Regardless of the exact role that JA plays in the process, the metabolic reprogramming may be sufficient to explain the lower fitness observed in plants lacking PsbS, since JA-induced responses are known to reduce seed production [26
]. Furthermore, Arabidopsis
plants treated with JA have an appearance that, in our experience, closely resembles that of plants exposed to moderate light stress, with anthocyanin accumulation, changes in leaf morphology and growth retardation (unpublished results). Overall, these findings suggest that plants lacking PsbS allocate resources away from reproduction towards defence. It has become increasingly apparent that stress responses are very complex. For instance, different herbivores may elicit specific responses in attacked plants and jasmonate signalling may affect different herbivores in different ways [27
]. Furthermore, although responses to various abiotic stresses share several common features, they also exhibit many highly specific features. Since most stress signalling has been shown to involve ROS in some way, one speculative possibility is that the changes we have observed could correspond to a more basal metabolic shift from reproduction and/or growth towards defence that increases the plant's ability to respond competently to stimuli elicited by specific stresses.

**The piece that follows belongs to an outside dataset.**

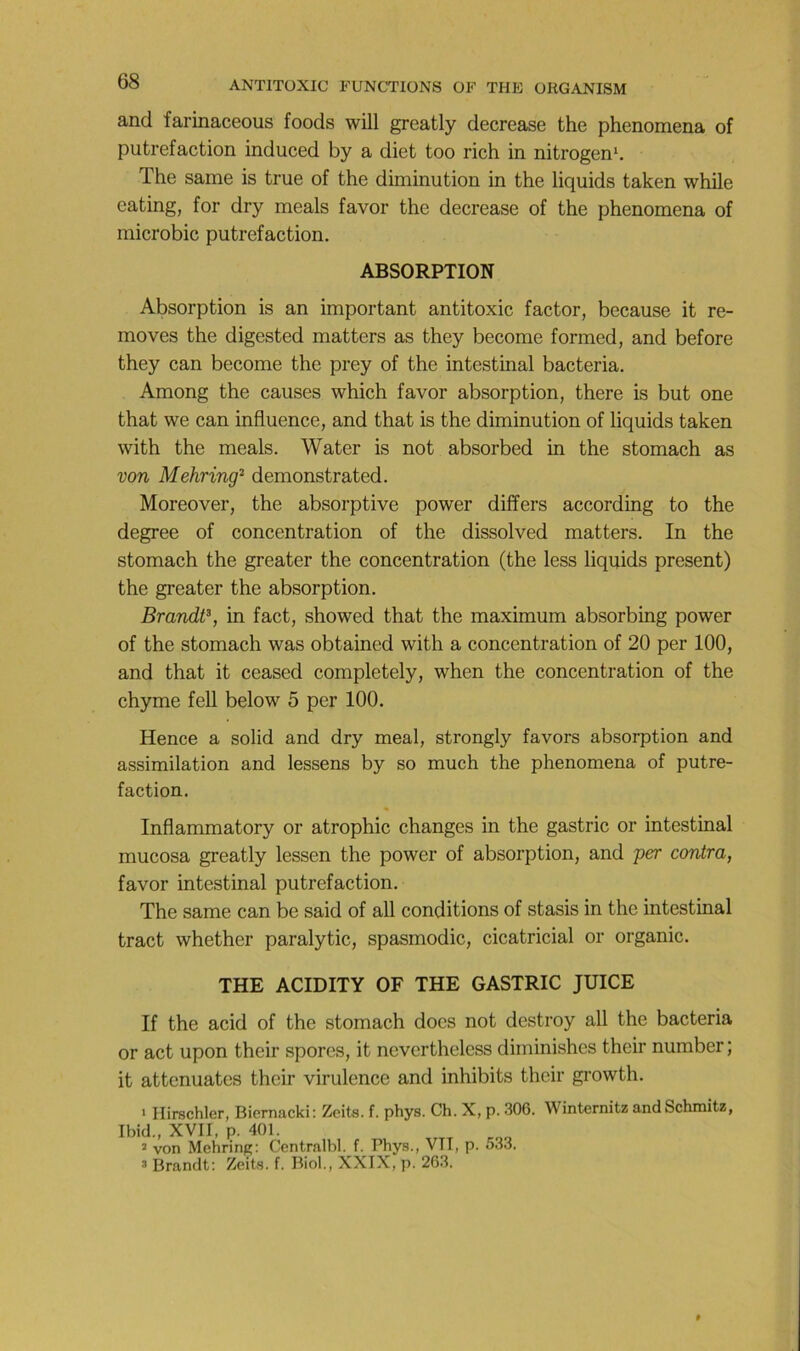 and farinaceous fonds will greatly decrease the phenomena of putréfaction induced by a diet too rich in nitrogen‘. The same is true of the diminution in the liquids taken while eating, for dry meals favor the decrease of the phenomena of microbic putréfaction. ABSORPTION Absorption is an important antitoxic factor, because it re- moves the digested matters as they become formed, and before they can become the prey of the intestinal bacteria. Among the causes which favor absorption, there is but one that we can influence, and that is the diminution of liquids taken with the meals. Water is not absorbed in the stomach as von Mehring'^ démonstrated. Moreover, the absorptive power differs according to the degree of concentration of the dissolved matters. In the stomach the greater the concentration (the less liquids présent) the greater the absorption. Brandt^, in fact, showed that the maximum absorbing power of the stomach was obtained with a concentration of 20 per 100, and that it ceased completely, when the concentration of the chyme fell below 5 per 100. Hence a solid and dry meal, strongly favors absorption and assimilation and lessens by so much the phenomena of putré- faction. Inflammatory or atrophie changes in the gastric or intestinal mucosa greatly lessen the power of absorption, and per contra, favor intestinal putréfaction. The same can be said of ail conditions of stasis in the intestinal tract whether paralytic, spasmodic, cicatricial or organic. THE ACIDITY OF THE GASTRIC JUICE If the acid of the stomach does not destroy ail the bacteria or act upon their spores, it nevertheless diminishes their number ; it atténuâtes their virulence and inhibits their growth. 1 Hirschler, Biernacki: Zeits. f. phys. Ch. X, p. 306. Winternitz andSchmitz, Ibid., XVII, p. 401. 2 von Mehrinp: Centralbl. f. Phys., VTT, p. 533. 3 Brandt: Zeits. f. Biol., XXIX, p. 263.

PsbS levels in wild-type plants do not appear to be "saturated", suggesting that selection acts against the production of higher levels of PsbS, even though it would increase the FDE capacity and hence potentially provide more photoprotection. Although this must theoretically hold true for the expression levels of all genes, it is not easy to demonstrate experimentally. An interesting implication of our data is that too much photoprotection could compromise "stress signalling", either in a more general sense, as discussed above, or more specifically through the involvement of JA/MeJA. Hence, plants with elevated PsbS levels could have less competence to cope with other stresses, and recent data indicate that this is indeed the case (Frenkel et al, in preparation). Overall, these findings suggest that there might be a tradeoff between photoprotection and tolerance to other stresses, as indicated by our data showing differences in herbivore preferences between wild-type plants and plants lacking PsbS.

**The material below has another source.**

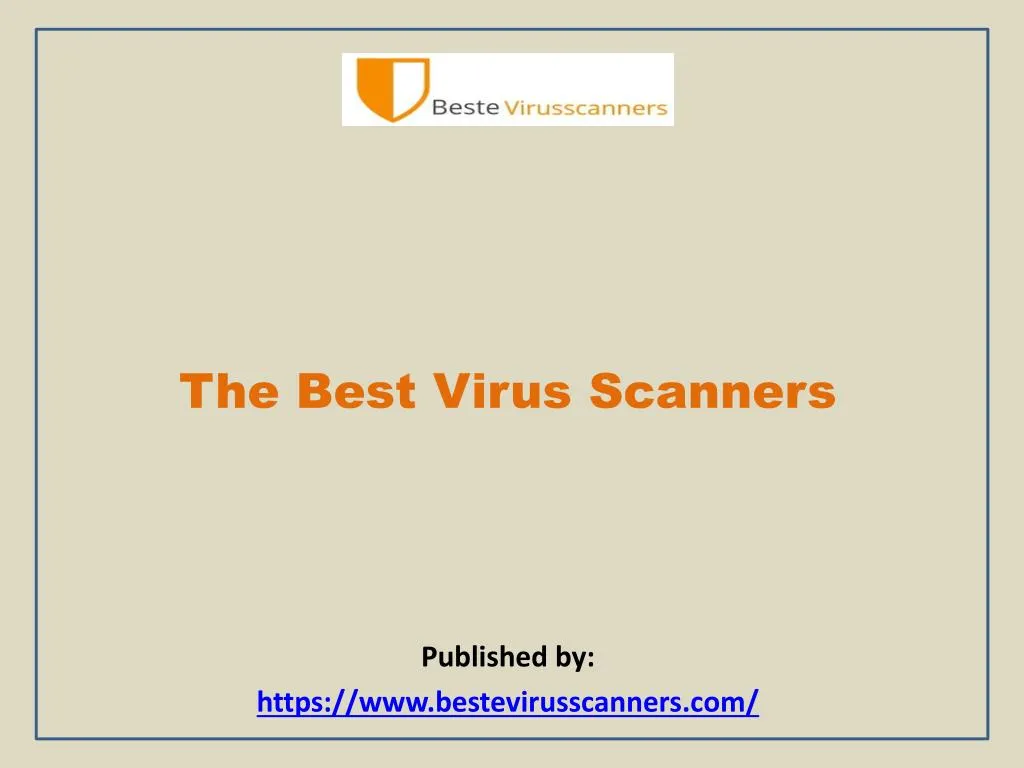 the best virus scanners published by https www bestevirusscanners com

Many mutants show marked phenotypic deviations from corresponding wild types, but mutations in most genes lead to more subtle changes in knock-out or antisense plants, with the lack of observable phenotypic deviations being the rule rather than the exception (see e.g. [28
]). Functional redundancy, of course, could be one reason for this, but it is clear that in many cases no observable phenotypic change may occur because the plants are not grown under suitable conditions for such changes to appear. Plant metabolic networks have highly complex architectures and the ability to compensate for enzyme deficiencies, or even an insufficiency in an entire pathway, using alternative pathways or substances that can perform similar functions, is likely to be of great adaptive value. Growing plants under naturally stressful conditions, rather than under controlled conditions in the lab, inevitably generates data that are complex and difficult to interpret. To our knowledge, the present study provides the first demonstration that metabolomic and transcriptomic analyses of mutants and over-expressers grown in the field can provide new and unexpected conclusions about individual gene products. We have been able to separate the genotypic differences from uncontrolled variation, and metabolomic analyses performed in the field and the laboratory clearly demonstrated that genotypic differences in expression patterns observed in field-grown material were not necessarily present under controlled conditions. It should be stressed that the responses described here were not detected under standard growth conditions in the lab. Therefore, we believe that studies like this, using plants grown under natural conditions, are essential for appreciating the full complexity of plants' genetic and metabolic composition and their interactions with the environment.